Vernunft wird Unsinn, Wohltat Plage;
Weh
dir, daß du ein Enkel bist!
Vom
Rechte, das mit uns geboren ist,
Von
dem ist, leider nie die Frage!"
________________________
[1] In der Übersetzung Martin Luthers: „Wem das Herz voll ist, dem geht der Mund über.“
Anlage:
An den
Oktober 2005
Petitionsausschuß des Deutschen
Bundestages
Platz, der
Republik 1
Nachrichtlich:
1. An
den Herrn Innenminister, Dr. Otto Schily, persönlich
Bundesministerium
des Innern, Alt Moabit 101 d, 10559 Berlin
2. Herrn Dr.

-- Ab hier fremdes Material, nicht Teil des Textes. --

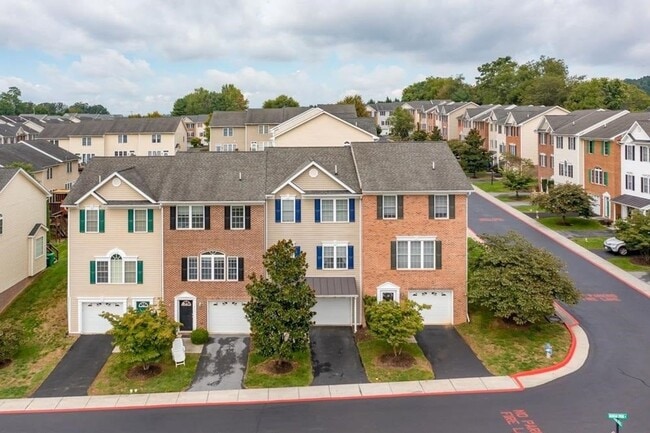 Photo - Spacious Luxury Townhome! Outstanding Location!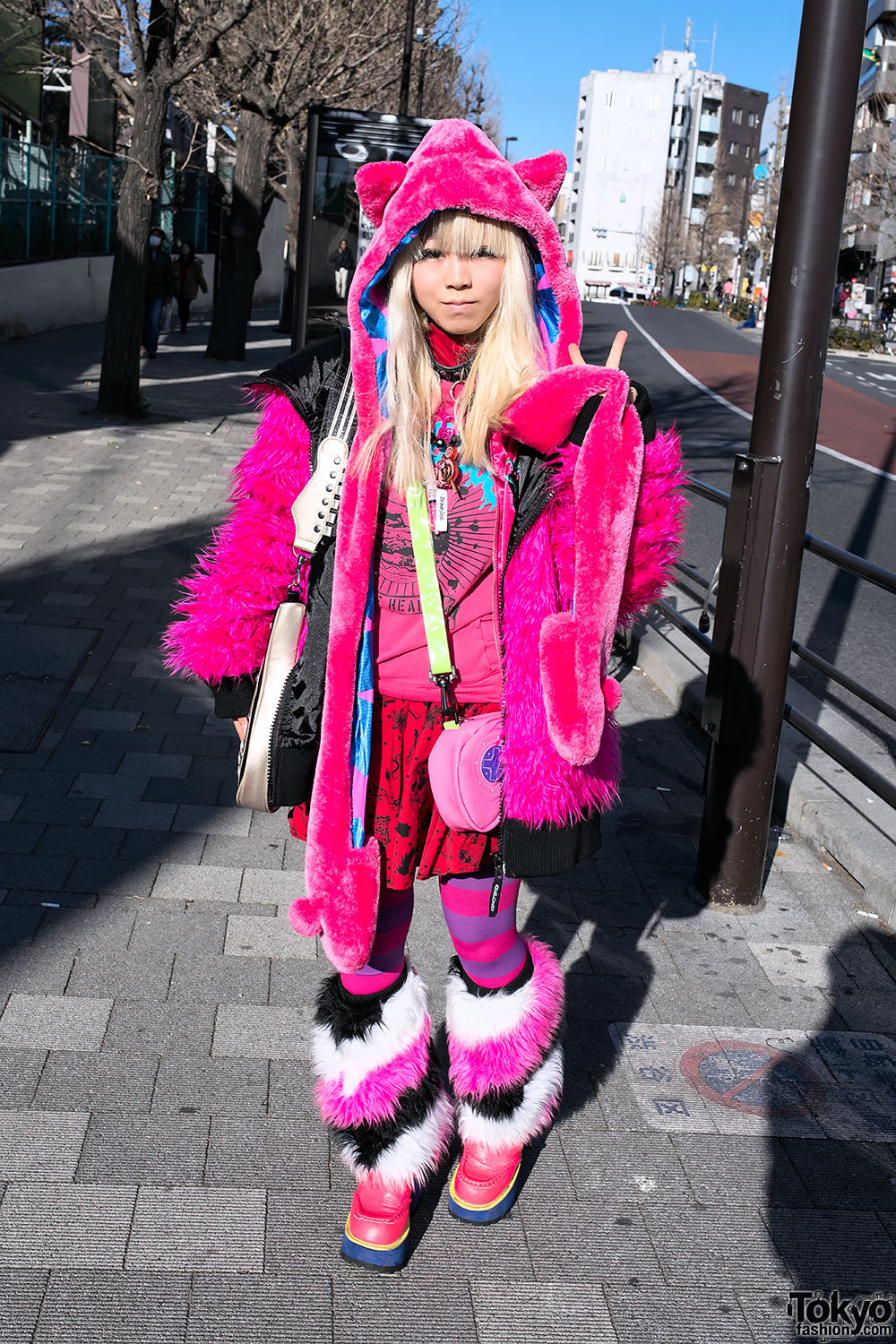 tokyo-fashion:  Mekiru on the street in Harajuku w/ pink Superlovers monster hoodie,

Dieter
Wiefelspütz, Innenpolitischer Sprecher der SPD-Fraktion im Bundestag,
Platz der Republik 1, 11011 Berlin
Betr.: Unterschiedslose
"Strafrente" für ehemalige Mitarbeiter des MfS/AfNS
Sehr geehrter Herr
Dr. Guttmacher l
Damit Sie meine tiefempfundene staatsbürgerliche
Unruhe und die daraus erwachsene Beschwerde bei Ihrem Ausschuß verstehen
können, muß ich mein Leben kurz beschreiben.
Geboren am 13. Januar
1937 in Güstrow in Mecklenburg, aus einer Gärtnerfamilie stammend, deren
Mitglieder diesen Beruf seit 1830 innehatten. Ich wäre die 5. Generation
gewesen. Ca. 1954 durch das Ulbricht-Regime ohne Gerichtsurteil und
entschädigungslos enteignet. Aufgewachsen unter zwei totalitären Regimen.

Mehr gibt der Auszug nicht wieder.